So, I think that we're going to start at the 2,000 pound per foot and go from there. And then I think there will be a lot of information from that and the flow-back techniques and various other things that are critical to plays. But our experience of hundreds of wells in the Montney and the Eagle Ford and all types of experimentation around slick water and sand volumes will bode us well to move in here and really get off the learning curve very quickly, run by one single leader in all of our onshore business.

Ben Wyatt - Stephens, Inc.

Got it. Very good. Appreciate that. One more here. Maybe jumping over to the Eagle Ford, you guys have done a great job of lowering cost. Even this year, you guys have put downward pressure on cost and, I believe, just going around and drilling single, one-off wells. Is there more room there on the cost side of things, especially as you guys get back to pad development, or have you kind of squeezed all you can out of that?

Roger W. Jenkins - President & Chief Executive Officer

Well, I keep thinking that it's flattened on the drilling side, but we continue to improve. And you are right, we have had a lease maintenance CapEx here, and that leads to some of these timing issues on capital in the second quarter, and that's why that capital is phased in that way. And that's what the outcome is.

But we just drilled a record well last week. We drilled a well in Catarina over 12,000 feet in four days. I can tell you that's incredible performance. So we haven't even gotten into full back-pad drilling mode again and I just see big upside. There's discussions about service costs and large service players and that going up, et cetera, over time. But in the old operation days, it's a day's business. You have to be on wells less days no matter the cost, and really doing well there right now.

Ben Wyatt - Stephens, Inc.

Very good. Well, Roger, I appreciate it. Thanks for letting me ask a couple.

Roger W. Jenkins - President & Chief Executive Officer

No problem, Ben. Thank you.

Operator

And now we'll take our next question. That will come from Ed Westlake with Credit Suisse.

Edward George Westlake - Credit Suisse Securities (USA) LLC (Broker)

Good afternoon, Roger.

Roger W. Jenkins - President & Chief Executive Officer

Afternoon to you, Ed.

Edward George Westlake - Credit Suisse Securities (USA) LLC (Broker)

I just wanted to get into a little bit of the well costs and EURs. in some of the new areas. Obviously, the Canadian dollar has come down as well, industry is doing better. So maybe just on the Tupper Montney, just any updates on well costs and well performance in terms of EUR there.

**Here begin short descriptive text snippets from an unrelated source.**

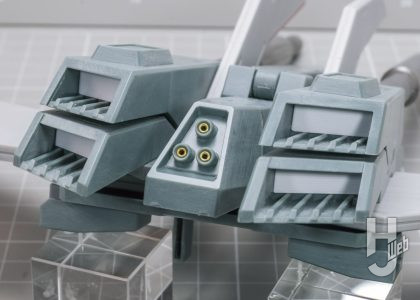 飛行ブースターの推進部に市販のパーツやスリット入りプラ板を埋め込んだ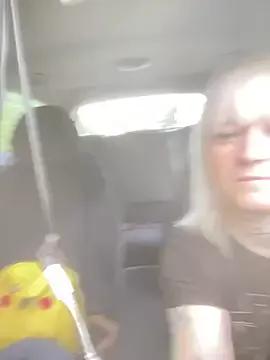 poussichienne on StripChat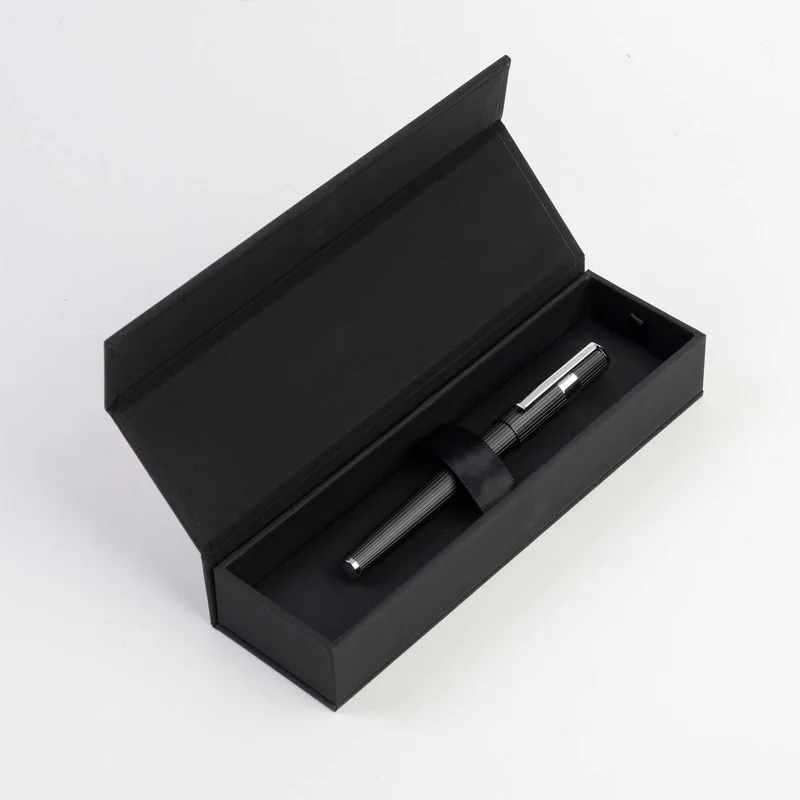 Hugo Boss Roller Gear Pinstripe, in box, black-silver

Roger W. Jenkins - President & Chief Executive Officer

The Tupper Montney that we have, we're looking at costs below C$5 million right now total. And EURs there, we've said previously that we want to get to 10 BCF to 12 BCF wells there. We just did our first big high pumping of sand well, and we're pleased with the results there and think we're going to get there.

Edward George Westlake - Credit Suisse Securities (USA) LLC (Broker)

Right, and then in the Duvernay, I mean these 2,000 pound-plus longer laterals in Canadian. Where do you reckon those are going to come in?

Roger W. Jenkins - President & Chief Executive Officer

The current wells that we're doing, we inherited the wells from our partner. They are completing them. And they are currently using a – got to keep in mind we just started working there over the last month.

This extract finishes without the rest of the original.